Opening with the ear-splitting, dripping-in-distortion ‘Iceland Spar’ (Goths never had a sense of humour; there’s your first clue something’s changed), ‘Wash The Sins Not Only The Face’ strikes out on its own to conjure up the similar haunted ruins, shower of bats capital-G Gothic that the old small-g goths did with theatrics and black-and-white horror film organs – but does it differently, and does it better.
There’s the disorientating quiet-loud dynamics of that first track, the intermittent high-pitched keys phasing in and out of the studio on ‘Slow Wave’, the guitars that genuinely sound like piercing shrieks on ‘Despair’, the juddering synth line that fades between speakers like a restless spirit on the penultimate ‘The Fall Of Gloreita Mountain’. Throughout the record, the drumming is tribal, primal; the guitars are never without any number of unnatural effects; and Rachel Davies’ voice manages a less put-on, but no less potent, drama than Siousixe Sioux – or even a certain Ms Welch she’s forever being compared to.
It’s enough to pique the interest of Derek Acorah and his cronies.

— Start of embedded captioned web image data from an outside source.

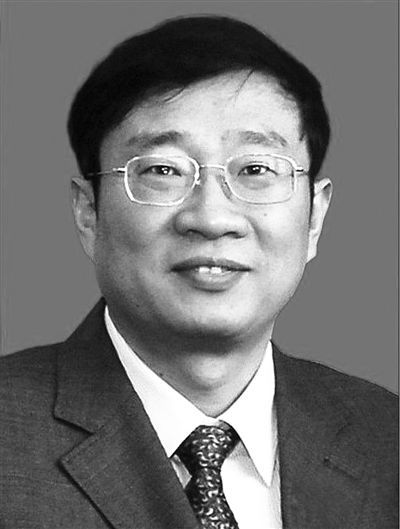 殲-15飛機(jī)研制現(xiàn)場(chǎng)總指揮羅陽(yáng)，因突發(fā)急性心梗殉職，享年51歲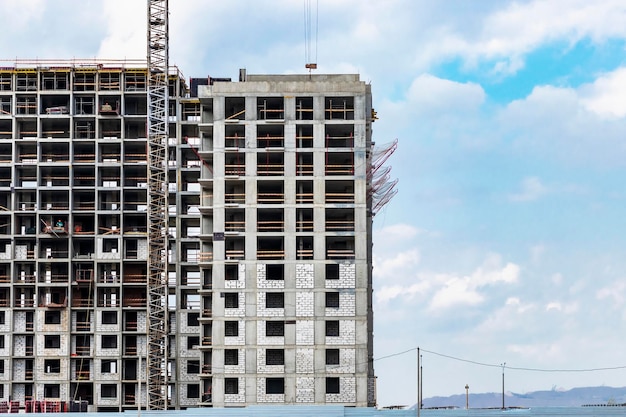 Costruzione a telaio monolitico dell'edificio Pareti piene di cemento L'ossatura per le pareti Cassaforma per pareti in cemento Primo piano del cantiere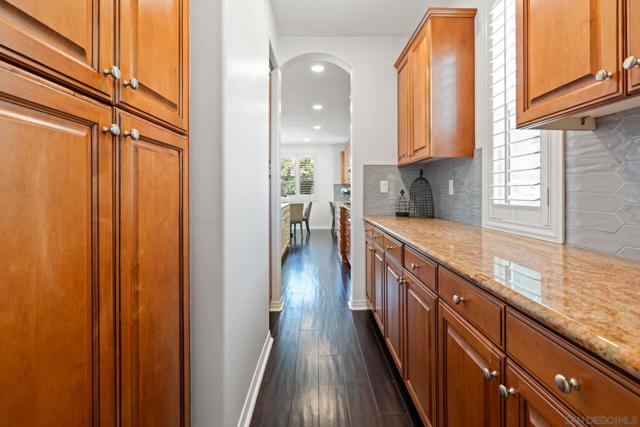 1008 Brightwood Drive., San Marcos CA: https://media.crmls.org/mediaz/da882a3d-a2d6-4b6f-af1a-9f59f0e8a172.jpg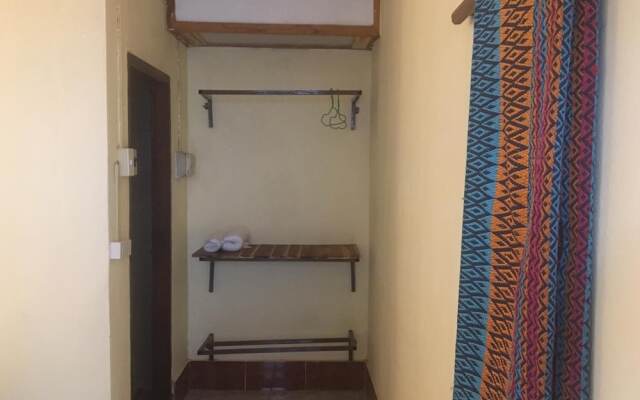 Manotemple house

Bathed in a sort of auditory night vision, ‘Wash The Sins…’ is definitely ominous and creepy sounding, without it ever being a gruelling listening-experience. We’d be remiss to suggest that, since it’s quite the opposite – Esben And The Witch’s second LP is a thrilling, goosebump-raising collection of songs that will be in heavy rotation for the rest of the year (and beyond).